The cocktails offer a continuation of this vision with a menu from beverage director Drew Dyar featuring tropical ingredients and agave-based libations.
Signature cocktails include the Smoke Show (mezcal, xtabentun, lime juice, Mexican sunflower orgeat), the Yucatán Marg (tequila reposado, mezcal, habanero simple, sour orange juice, annatto gusano rim), Tepache Junglebird (pineapple sotal, Campari, lime, tepache), and the Oaxaca old fashioned (bourbon aged tequila, anejo mezcal, mole bitters, angostura bitters, maguey syrup). There will also be mezcal and tequila flights paired with signature salts and citrus.

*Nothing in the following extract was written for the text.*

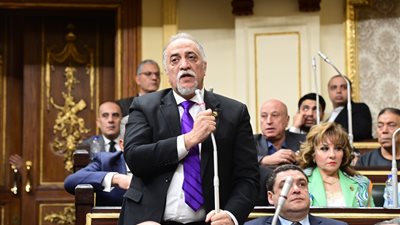 رئيس برلمانية مستقبل وطن: الحكومة استجابت لملاحظات على النسخة الأولى من مشروع الإيجار القديم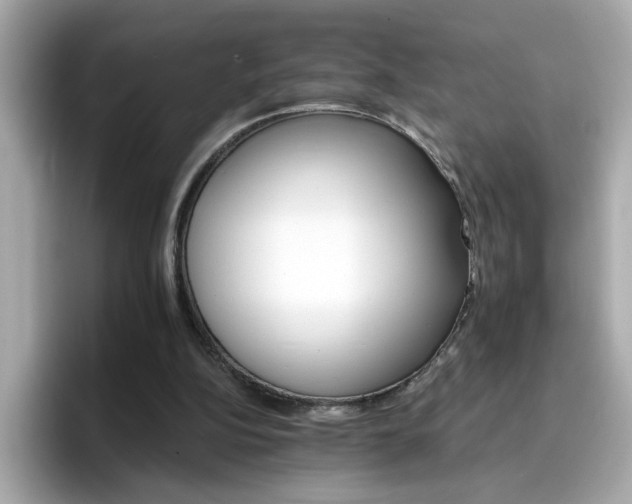 X0000096660152200802121138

The tropical vibes will be especially strong when the misters are on.Photo by Jay Huang
To pair with the culinary experience, the interior space consists of a warm and inviting design by Eden, an award-winning design and building studio based in Austin, with the raw bar against a backdrop of an open kitchen, dim lighting, and cozy furniture that resembles a tropical retreat. The back patio offers a lush garden experience with eco-friendly furniture, fans, heaters, and misters to offer the ultimate comfort to guests.
Later on, the patio will include a large community table, a smaller lounge, and a semi-private dining room with a capacity of 12.
Nômadé Cocina Y Raw Bar is located at 1506 S. 1st Street. Hours of operation are Sunday to Thursday from 4:30-9:30 pm, and Friday and Saturday from 4:30-10 pm. Reservations can be made on OpenTable starting October 11.